Evaluation criteria:

Criteria for a Positive Response:
A test article was considered to have produced a positive response if it induced a concentration-dependent increase in revertant frequency that was ≥ 2.0-fold vehicle control values for tester strains TA98, TA100, and E. coli, or ≥ 3.0-fold vehicle control values for tester strains TA1535 and TA1537. In addition, any response should be reproducible.

Criteria for a Negative Response:
A test article was considered to have produced a negative response if no concentration-dependent, ≥ 2.0-fold or ≥ 3.0-fold increases were observed in tester strains TA98, TA100, and E. coli, or TA1535 and TA1537, respectively.

Criteria for an Equivocal Response:
Even after repeated trials, a test article may produce results that are neither clearly positive nor clearly negative (e.g., responses that do not meet the
concentration-dependency or fold increase requirements but are reproducible). In those rare instances, the test article may be considered to have produced an equivocal response. Other criteria also may be used in reaching a conclusion about the study results (e.g., comparison to historical control values, biological significance, etc.). In such cases, the Study Director used sound scientific judgment and clearly reported and described any such considerations.

Results and discussion

Test resultsopen allclose all

Additional information on results:

There was precipitation beginning at 216 µg/well with the test material in all strains with metabolic activation. There was precipitation beginning at 78 µg/well with the test material in all Salmonella strains and at 130 µg/well with E. coli without metabolic activation.

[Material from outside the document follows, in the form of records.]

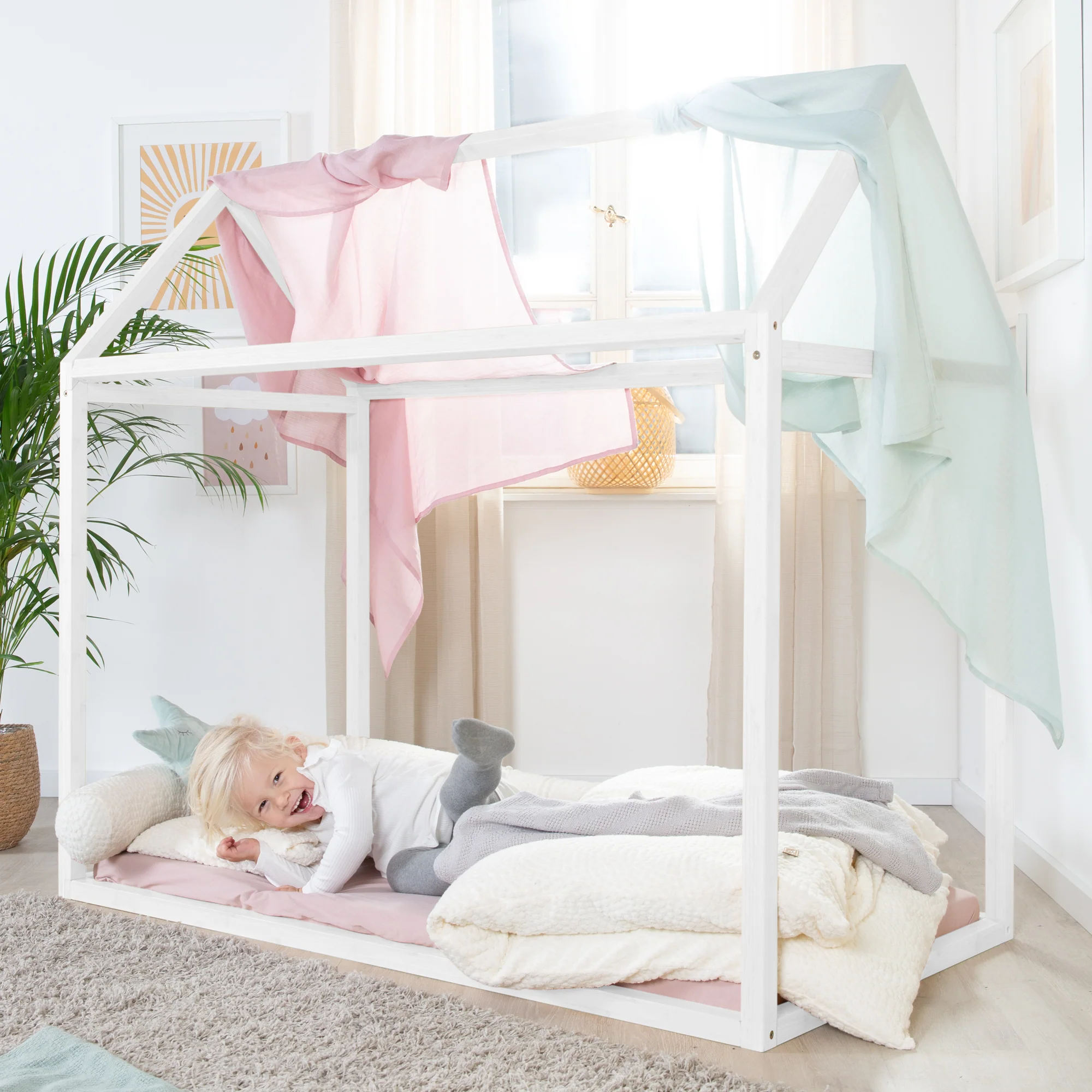 Hausbett 70 x 140 cm - Montessori-Bett aus Holz weiß lackiert - FSC zertifiziert - Image 4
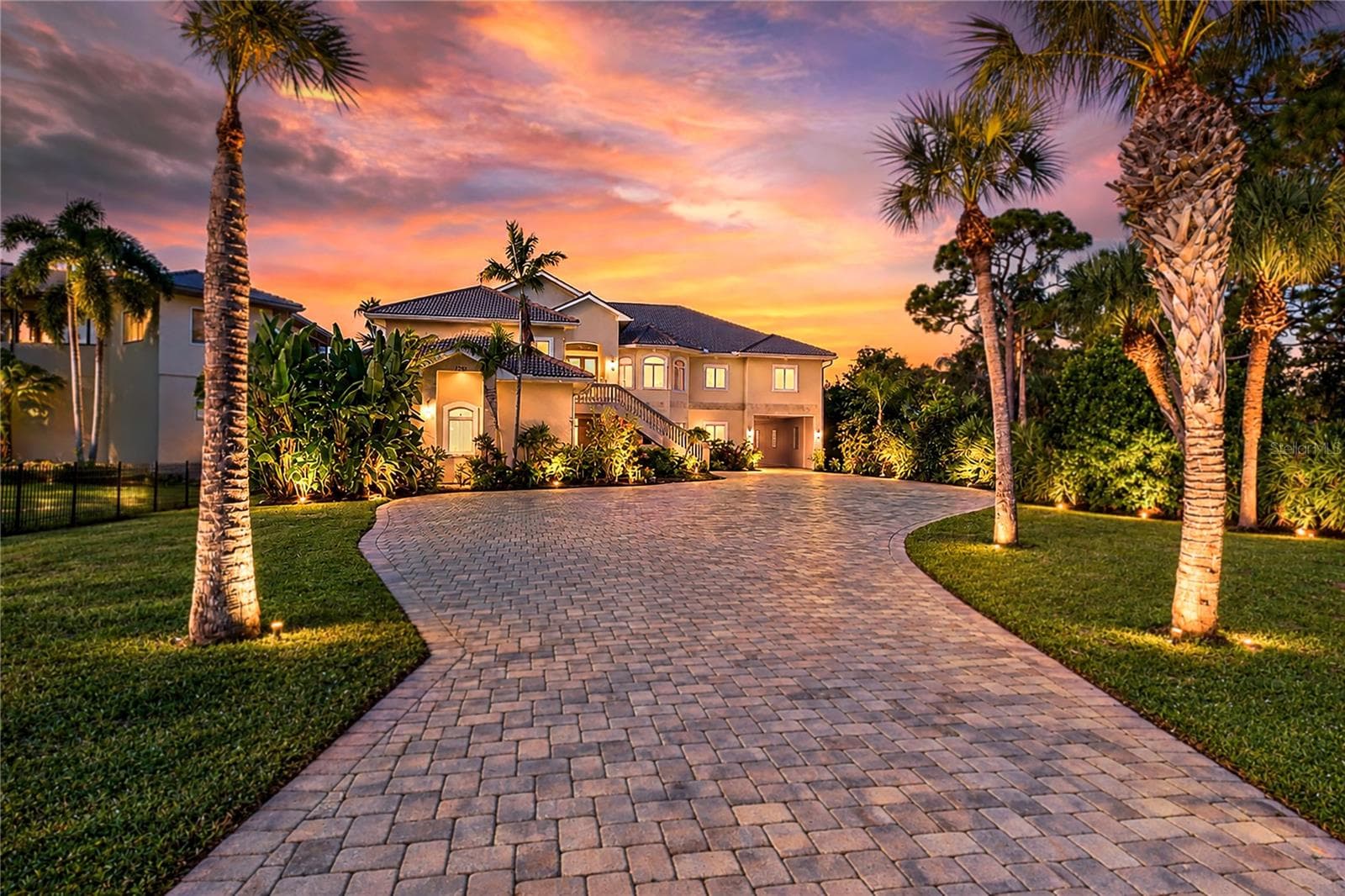 Welcome home - 1930 BAYSHORE DR, ENGLEWOOD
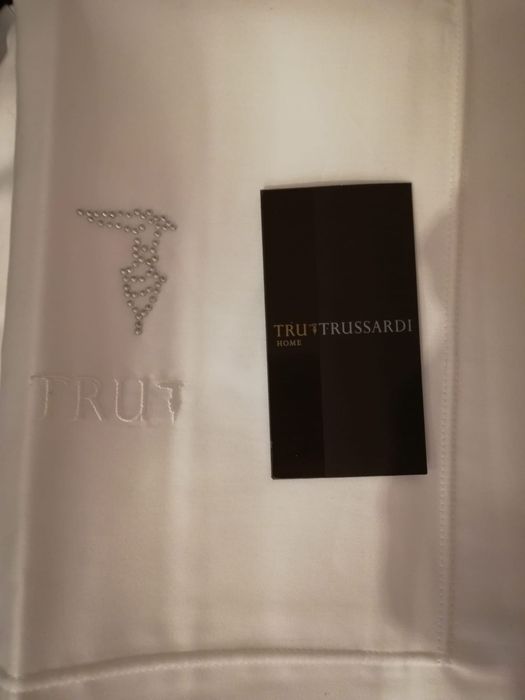 Lenjerie de pat Trussardi Swarowski de lux nou in cutie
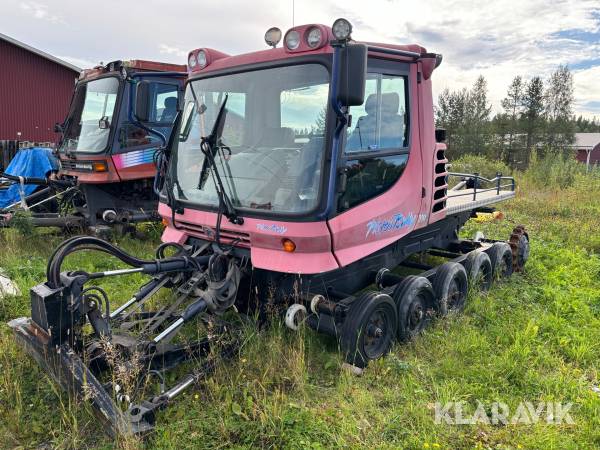 Pistmaskin Kässbohrer Pistenbully 300 W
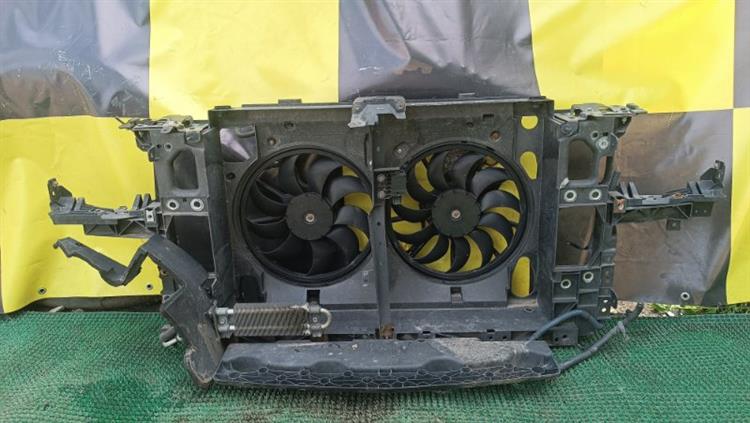 Рамка радиатора Ниссан Скайлайн в Богучанах 103445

There was no cytotoxicity present at any concentration of the test material with all five strains with and without metabolic activation.

Mean revertant frequencies for all concentrations of the test material in all five tester strains with and without S9 approximated those observed in the concurrent mean vehicle control cultures.

Any other information on results incl. tables

All positive and vehicle control values were within acceptable ranges. All genetic markers were verified. Therefore, all criteria for a valid study were met.

Applicant's summary and conclusion

Conclusions:

The results indicate that the test material was negative (non-mutagneic) in the 6-well 5-strain bacterial reverse mutation assay under the conditions, and according to the criteria of the study plan.